# <span style="color:red">DATA EXTRACTION AND NLP</span>

#### Problem Statement: Extracting Article Text and Headings from URLs provided and performing Text Analysis

***NOTE:** Multiple files have been provided as a part of the problem statement and are present alongwith this notebook. Kindly refer to the same for better understanding!*

In [1]:
# Importing relevant modules
import pandas as pd
import numpy as np
import requests
import os
import nltk
import re
from nltk.tokenize import word_tokenize
from bs4 import BeautifulSoup

Problem Input is given in the form of an excel file hence translating into a DataFrame.

In [8]:
df=pd.read_excel("./assign_ques_details/Input.xlsx")
df.head()

Unnamed: 0,URL_ID,URL
0,blackassign0001,https://insights.blackcoffer.com/rising-it-cit...
1,blackassign0002,https://insights.blackcoffer.com/rising-it-cit...
2,blackassign0003,https://insights.blackcoffer.com/internet-dema...
3,blackassign0004,https://insights.blackcoffer.com/rise-of-cyber...
4,blackassign0005,https://insights.blackcoffer.com/ott-platform-...

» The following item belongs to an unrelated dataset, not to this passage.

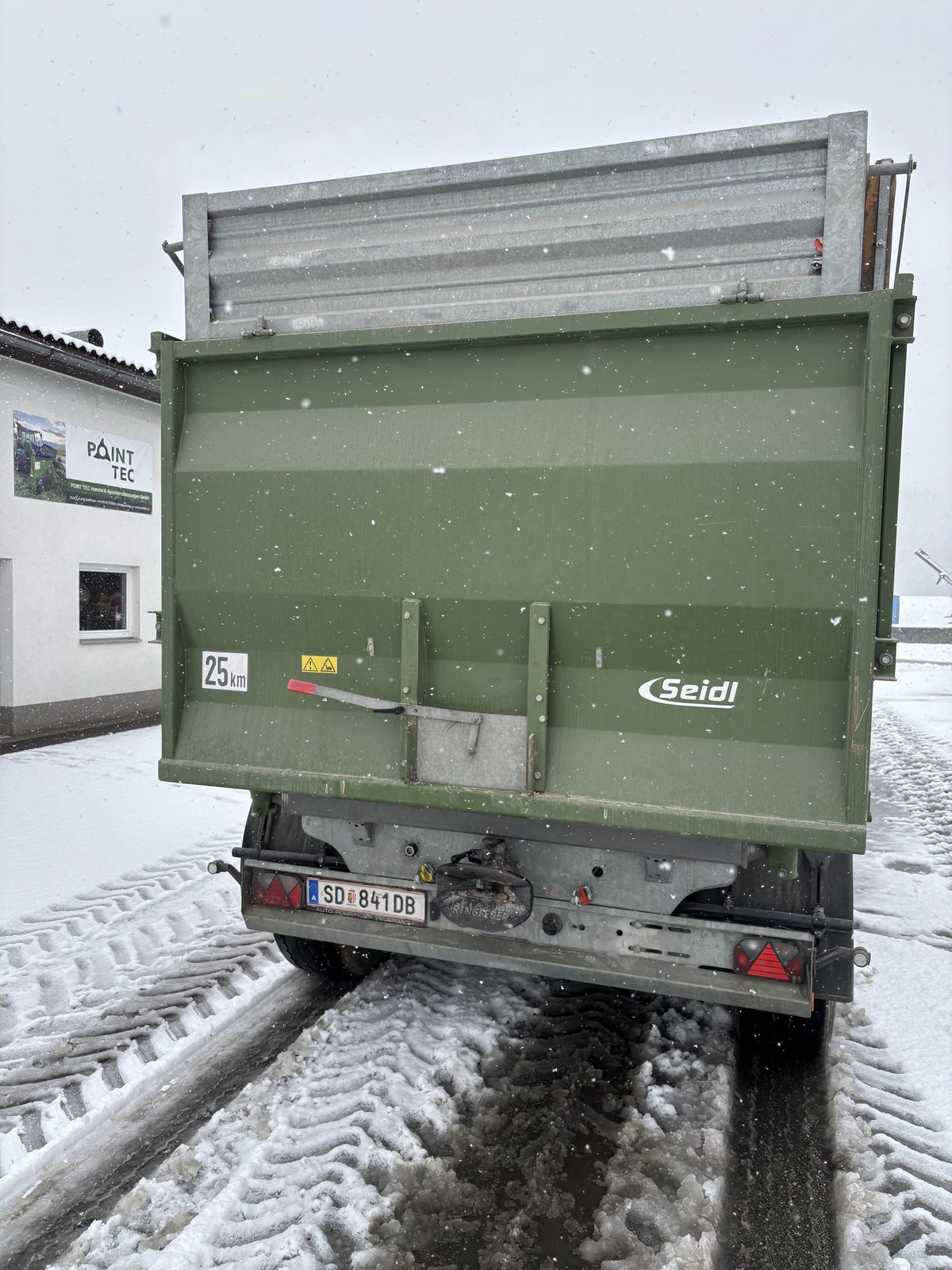 Fliegl Fox - TMK 160 3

##### Now, as we have to extract article text and headings from URLs, we’re using BeautifulSoup library to extract the article headings and text using the class name in a function as shown below.

In [9]:
# Function to get the text and heading of an article from url
def get_article_text_and_heading(url):
    try:
        response = requests.get(url)
        response.raise_for_status() #raising error message incase of response error
        soup = BeautifulSoup(response.content, 'html.parser')
        article_container = soup.find('div', class_='td-post-content')
        if not article_container:
            return 'No heading found', 'No content found' # handling no content

        heading = soup.find('h1')
        heading_text = heading.get_text(strip=True) if heading else 'No heading found' # finding article heading and removing whitespaces
        
        content_elements = article_container.find_all(['p', 'li']) # finding all article text using paragraph and list tags
        article_text = ' '.join([element.get_text(strip=True) for element in content_elements]) 
        return heading_text, article_text 

    except requests.RequestException as e:
        return 'Error fetching page', str(e)

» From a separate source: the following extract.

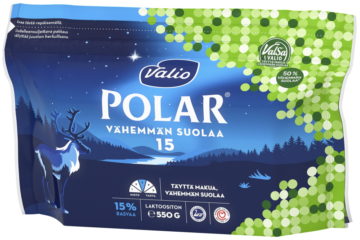 Valio Polar® 15% vähemmän suolaa 550 g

##### We then iterate over the DataFrame’s rows containing the URLs and scrap and assign the article headings as well as text into new columns. This is done using the code block below.

In [10]:
# Iterating over DataFrame's rows to assign headings and text
for index, row in df.iterrows():
    url = row['URL']
    heading, text = get_article_text_and_heading(url)
    # Storing the results in the dataframe
    df.at[index, 'Heading'] = heading
    df.at[index, 'Text'] = text
    
df.head() # Dataframe now contains individual URL's Article Heading and Text

Unnamed: 0,URL_ID,URL,Heading,Text
0,blackassign0001,https://insights.blackcoffer.com/rising-it-cit...,Rising IT cities and its impact on the economy...,We have seen a huge development and dependence...
1,blackassign0002,https://insights.blackcoffer.com/rising-it-cit...,Rising IT Cities and Their Impact on the Econo...,"Throughout history, from the industrial revolu..."
2,blackassign0003,https://insights.blackcoffer.com/internet-dema...,"Internet Demand’s Evolution, Communication Imp...",Introduction In the span of just a few decades...
3,blackassign0004,https://insights.blackcoffer.com/rise-of-cyber...,Rise of Cybercrime and its Effect in upcoming ...,"The way we live, work, and communicate has unq..."
4,blackassign0005,https://insights.blackcoffer.com/ott-platform-...,OTT platform and its impact on the entertainme...,The year 2040 is poised to witness a continued...


##### We can see the DataFrame now contains each URLs Article Heading and Text.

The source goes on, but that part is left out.